• Aim of the task
Return all the data below as it stands, minus the pictures.

(Extracted data entries)
= Beginning of Section =

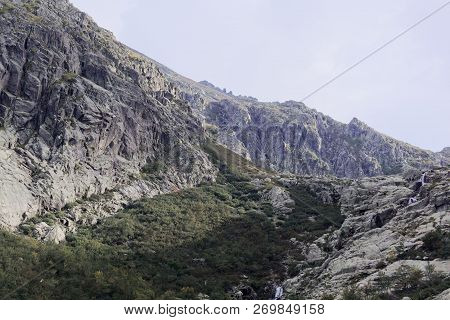 Mountains With Clouds In The Restonica Valley In Corsica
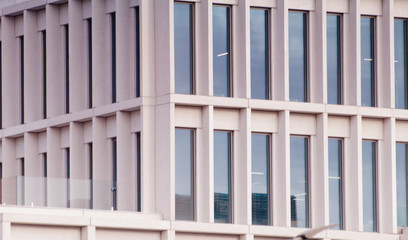 Geometric pattern from part of building facade. Modern architecture of commercial building walls and windows made of glass.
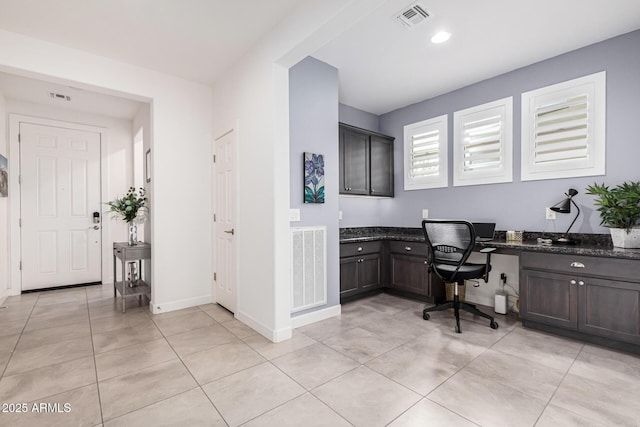 office space with built in desk and light tile patterned flooring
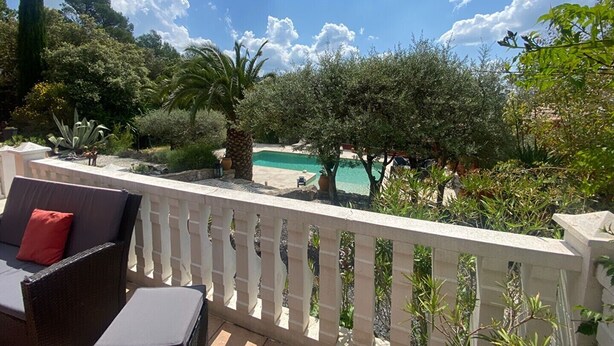 Ein Balkon mit Blick auf ein Schwimmbecken, umgeben von Bäumen und Pflanzen.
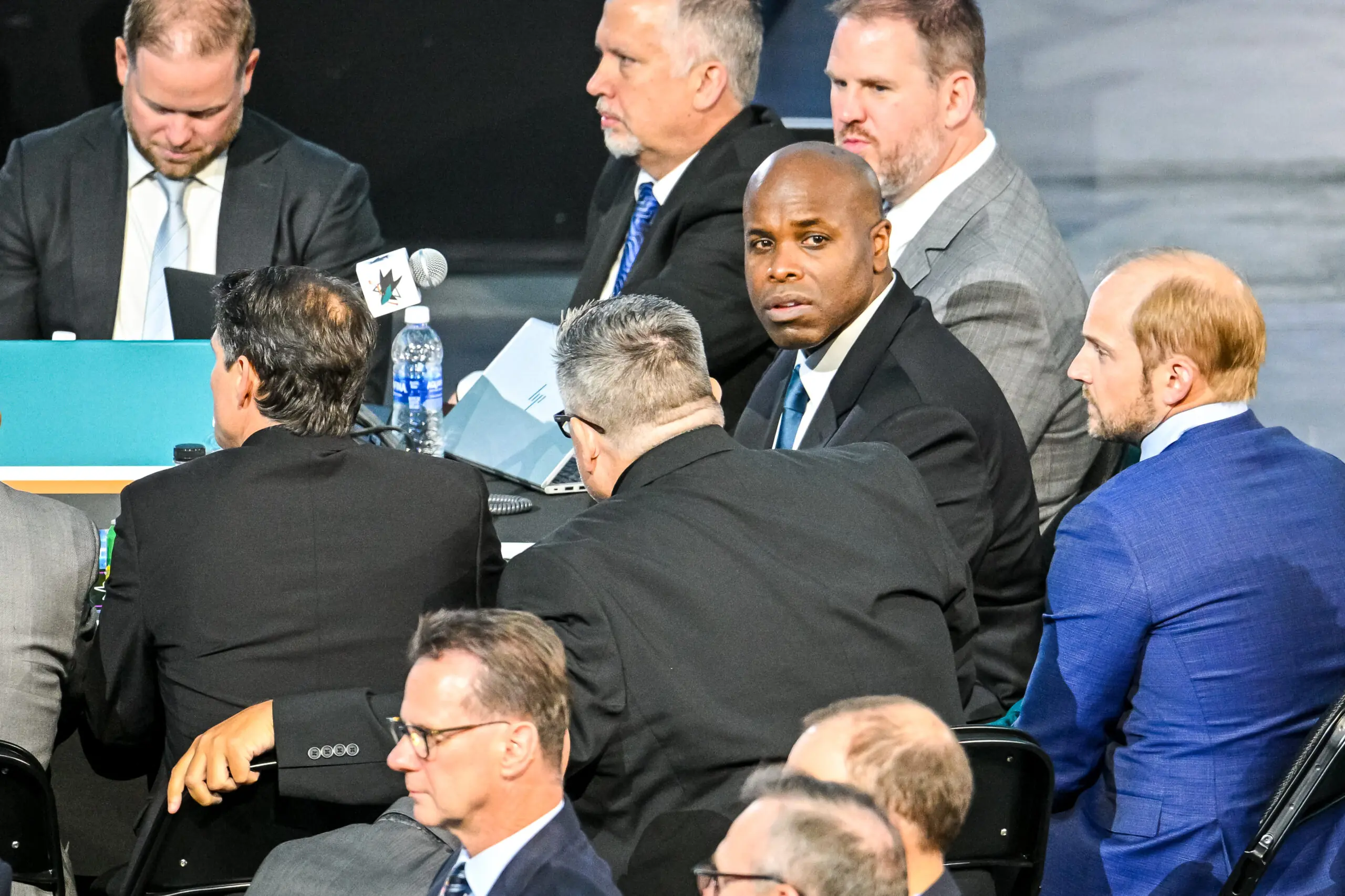 San Jose Sharks GM Mike Grier at the 2024 NHL Draft table.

= End of Section =

• The answer
 Mountains With Clouds In The Restonica Valley In Corsica
 Geometric pattern from part of building facade. Modern architecture of commercial building walls and windows made of glass.
 office space with built in desk and light tile patterned flooring
 Ein Balkon mit Blick auf ein Schwimmbecken, umgeben von Bäumen und Pflanzen.
 San Jose Sharks GM Mike Grier at the 2024 NHL Draft table.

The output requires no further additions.